Assignement-Json-Html

Author

Guibril Ramde

Approach

For this assignment, I will create two different data representations of the same dataset: JSON and HTML. The dataset will consist of three books related to the fields of data science and computer science. Each book will include the following attributes: Title, Authors, Publisher, Year, and ISBN.

First, I will create a table in Microsoft Excel containing the selected books and their corresponding attributes. Once the table is completed, it will be exported as a CSV file. The CSV file will then be uploaded to a GitHub repository, allowing the dataset to be accessed using a publicly available raw file URL.

Using R, I will load the CSV data directly from the GitHub raw link and convert the dataset into two formats: JSON and HTML. These files will then be committed and uploaded to the same GitHub repository so they can also be accessed publicly through their raw URLs.

Next, I will write R code to load both the JSON file and the HTML file into separate data frames. Finally, I will compare the two data frames using the identical() function in order to determine whether both data sources contain exactly the same information.

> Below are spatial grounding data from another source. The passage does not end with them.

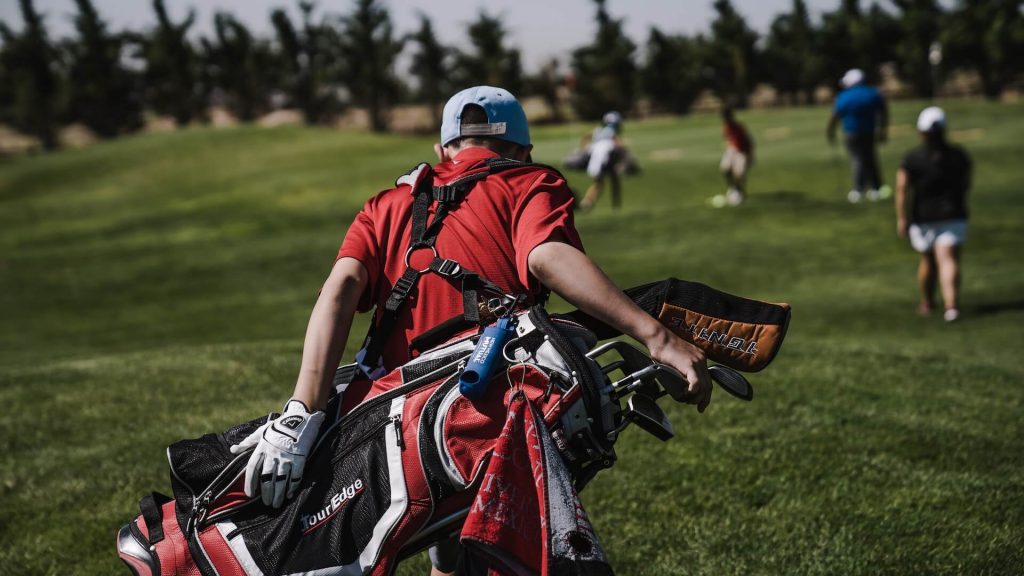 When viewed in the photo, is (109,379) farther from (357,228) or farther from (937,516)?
(937,516)

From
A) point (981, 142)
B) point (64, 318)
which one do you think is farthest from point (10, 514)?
point (981, 142)

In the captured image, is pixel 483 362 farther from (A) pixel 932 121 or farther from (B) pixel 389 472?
(A) pixel 932 121

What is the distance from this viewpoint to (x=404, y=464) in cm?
270

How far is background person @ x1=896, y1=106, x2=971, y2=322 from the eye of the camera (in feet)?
35.7

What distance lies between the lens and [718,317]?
111 inches

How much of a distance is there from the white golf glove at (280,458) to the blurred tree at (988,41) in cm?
6123

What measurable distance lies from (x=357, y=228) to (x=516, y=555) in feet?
3.91

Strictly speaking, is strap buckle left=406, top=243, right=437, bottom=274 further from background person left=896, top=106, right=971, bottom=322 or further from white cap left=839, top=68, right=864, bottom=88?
white cap left=839, top=68, right=864, bottom=88

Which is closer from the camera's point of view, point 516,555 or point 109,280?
point 516,555

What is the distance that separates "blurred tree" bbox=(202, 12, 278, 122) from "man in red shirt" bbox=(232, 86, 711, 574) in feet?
240

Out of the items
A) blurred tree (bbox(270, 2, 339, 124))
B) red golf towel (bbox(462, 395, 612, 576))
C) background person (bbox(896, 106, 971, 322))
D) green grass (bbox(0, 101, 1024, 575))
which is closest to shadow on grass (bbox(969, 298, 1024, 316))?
green grass (bbox(0, 101, 1024, 575))

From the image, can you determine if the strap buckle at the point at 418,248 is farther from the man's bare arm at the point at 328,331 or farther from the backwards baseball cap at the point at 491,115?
the backwards baseball cap at the point at 491,115

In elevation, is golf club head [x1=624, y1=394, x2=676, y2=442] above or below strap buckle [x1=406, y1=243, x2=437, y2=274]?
below

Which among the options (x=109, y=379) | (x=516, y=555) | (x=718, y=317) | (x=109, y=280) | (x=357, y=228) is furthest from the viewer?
(x=109, y=280) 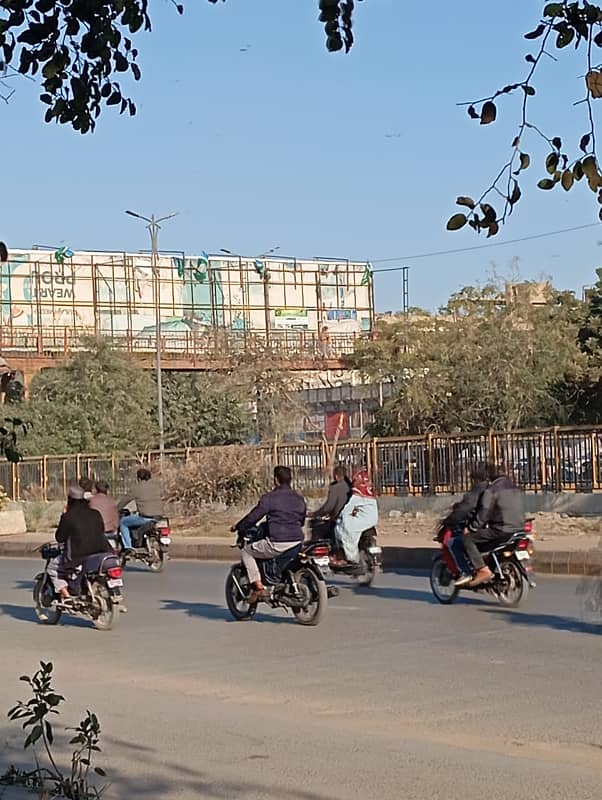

This workflow ensures that the dataset is reproducible, publicly accessible, and can be validated by comparing the two different data formats.Coding section

Loading libraries and using the raw link of csv file from github

library(tidyverse)

Warning: package 'ggplot2' was built under R version 4.5.2

Warning: package 'tibble' was built under R version 4.5.2

Warning: package 'tidyr' was built under R version 4.5.2

Warning: package 'readr' was built under R version 4.5.2

Warning: package 'purrr' was built under R version 4.5.2

Warning: package 'dplyr' was built under R version 4.5.2

── Attaching core tidyverse packages ──────────────────────── tidyverse 2.0.0 ──
✔ dplyr     1.2.0     ✔ readr     2.1.6
✔ forcats   1.0.1     ✔ stringr   1.6.0
✔ ggplot2   4.0.2     ✔ tibble    3.3.1
✔ lubridate 1.9.4     ✔ tidyr     1.3.2
✔ purrr     1.2.1     
── Conflicts ────────────────────────────────────────── tidyverse_conflicts() ──
✖ dplyr::filter() masks stats::filter()
✖ dplyr::lag()    masks stats::lag()
ℹ Use the conflicted package (<http://conflicted.r-lib.org/>) to force all conflicts to become errors

library(dplyr)
library(readr)
library(jsonlite)


Attaching package: 'jsonlite'

The following object is masked from 'package:purrr':

    flatten

library(knitr)

Warning: package 'knitr' was built under R version 4.5.2

library(rvest)


Attaching package: 'rvest'

The following object is masked from 'package:readr':

    guess_encoding

get_data <- "https://raw.githubusercontent.com/japhet125/Assignement-Json-Html/refs/heads/main/Assignementjson%26html%20-%20Sheet1.csv"

books <- read_csv(get_data)

Rows: 3 Columns: 5
── Column specification ────────────────────────────────────────────────────────
Delimiter: ","
chr (3): Tittle, Authors, Publisher
dbl (2): Year, ISBN

ℹ Use `spec()` to retrieve the full column specification for this data.
ℹ Specify the column types or set `show_col_types = FALSE` to quiet this message.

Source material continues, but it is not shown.